How to keep your friends and family out of your divorce

The divorce process is an emotional time for anybody, and it helps to have friends and family you can rely on. Unfortunately, your friends and family members may react to the news as if they were the ones getting a divorce rather than you.

From well-meaning (but misguided) attempts to show their support for you (by unnecessarily bashing your spouse and suggesting all the ways you should “get even”) to giving you unwanted (and likely incorrect) legal advice, your friends and family can actually make your divorce harder.

So how do you keep the support you need while keeping things under control so that your divorce doesn’t explode? Here are some tips:

Ask them to be respectful about your spouse

Sure, your spouse may not be perfect – but perfect people don’t exist. You don’t need anybody to enumerate your spouse’s flaws or mock them to make you feel better. Ask anybody who makes negative comments about your spouse to remember that this is someone you once loved enough to marry – and maybe even someone with whom you share children.

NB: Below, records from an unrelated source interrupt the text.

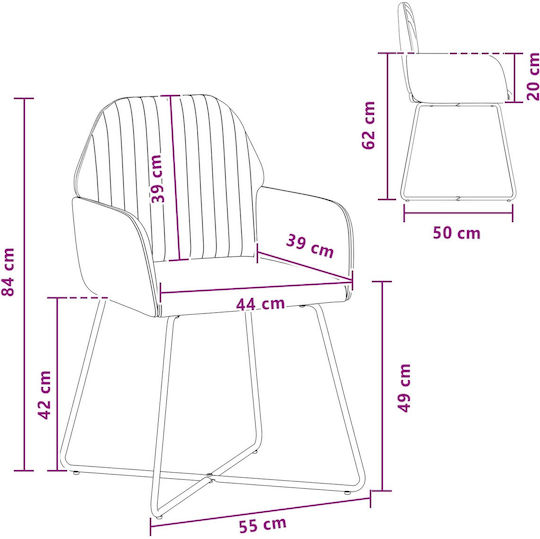 Velvet Black Dining Armchairs 2 Pieces 55x50x84 cm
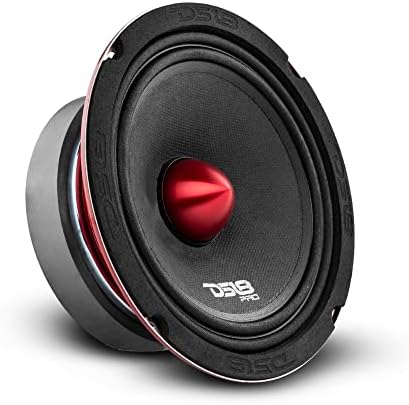 DS18 PRO-X6BM Loudspeaker - 6.5", Midrange, Red Aluminum Bullet, 500W Max, 250W RMS, 8 Ohms - Premium Quality Audio Door Speakers for Car or Truck Stereo Sound System (1 Speaker)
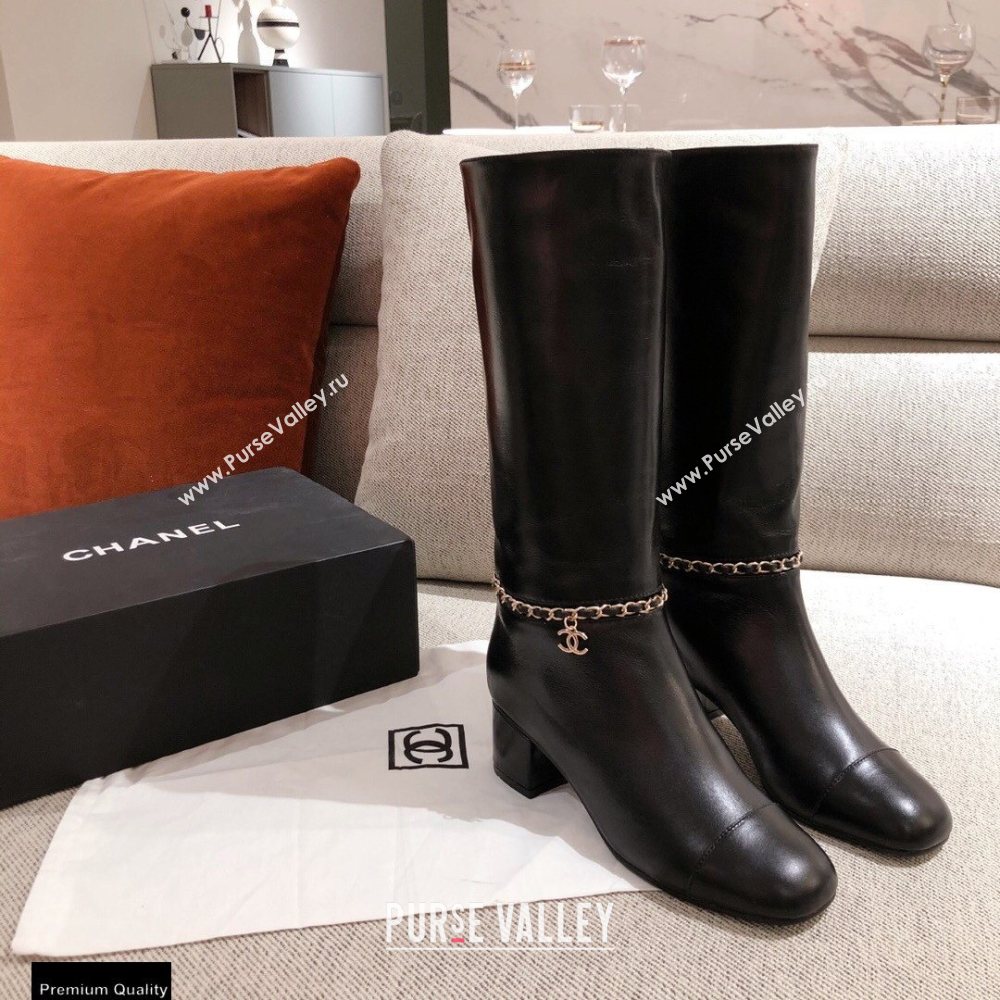Chanel Leather Chain High Boots Black KL29 2020 (kaola-20112329)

Don’t let people tell you their divorce “war” stories

As soon as you announce that you’re getting divorced, everybody around you seems to have a divorce horror story they want to share about what happened to their cousin, friend or neighbor – or themselves. They may urge you to be aggressive and inflexible in your approach to avoid a similar fate. However, following their advice is more likely to cause unnecessary delays and make it harder to end your marriage peacefully.

Look for supportive people who won’t choose sides

There are always a few people around who can offer compassion for your situation without condemning your spouse or choosing sides. Those are the people who understand healthy boundaries. They understand that there’s often no “bad actor” in a failing marriage. Avoid discussing your divorce with everybody else except to say, “It’s going along.”

Divorce doesn’t have to be an adversarial process, so don’t let yourself get caught up in other people’s opinions about what you should or shouldn’t be doing right now. That’s for you and your legal team to decide.